At home I was the daughter of first-generation Americans: two people who had learned American English in a second language setting; both of whom insisted on grammatical politeness and correctness in all situations. As I grew up, I grew to love reading and writing, and sought to imitate what I was told was the best. In my music classes, I was not only taught music theory, but how to manipulate the English language for the most appropriate diction—always pure vowel sounds, never diphthongs. I should have known better though, because my friends who supported me in vocal competitions always told me that I could not get my pure vowel sounds right.  They swore that I sang “todee” rather than “today,” and no matter how I tried, I could not seem to get it right. I couldn’t hear it, but they did.

I guess I can’t fight my conservative upbringing no matter how liberal I claim to be.  Or perhaps it is my liberal bent that has allowed me to accept less than “perfect” English, and embrace my redneck side. I have come to learn that my spoken vowels are not even close to as pure as the Latin purity that once aspired to. My friends tell me that there is a definite twang to my vowels, making that annoying diphthong more apparent than ever.  They tell me that I have a drawl, too.  Yes, I guess I do. I know that I am conscious of speaking slower and drawing out my words in an attempt to be more clear, but  then even when I don’t care about clarity I still seem to draw out my words.

Drawing out my words does not necessarily improve my clarity either, because I am very aware that I often skip parts of sentences, leaving out the middle and expecting my friends to piece together my meaning from the beginning and the end.  And just as often, I will make a statement, then qualify it with a “but,” leaving my listeners to  . . . (complete my ending for me).  And correctness? As I get older I don’t care if it is not considered “polite.” I am saying it the way I mean it, and not the way anyone else thinks that it should be said.  If I don’t like your car, I’m much more likely to say it sucks than to say I don’t like it.  But if I do like it I won’t tell you that it is cool, because that’s not cool, but I might just say Damn!
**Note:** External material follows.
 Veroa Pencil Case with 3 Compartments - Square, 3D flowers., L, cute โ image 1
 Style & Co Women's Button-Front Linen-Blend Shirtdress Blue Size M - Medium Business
I still believe that I fit pretty squarely into the Standard American Dialect and I am still trying hard not to be idiocentric about it.  Yes, I do have a bit of a drawl, and I am trying to come to terms with that persistent twang, but I don’t end my sentences with the random “yeah” like my Chicago raised husband does, I don’t add an R to the word “wash” (You mean some people warsh their cars?), I don’t add an S to anyway, and I don’t call my friends y’all (not very often, anyway).  I am not  pompous in my grammar either.  I mean, I have come to terms  with the fact that my personal standard can never be the world standard, so I have gotten off of my grammatical high-horse and worked to understand that there is a difference between correctness and accuracy—I say things the way that I say them, because that is part of my uniqueness.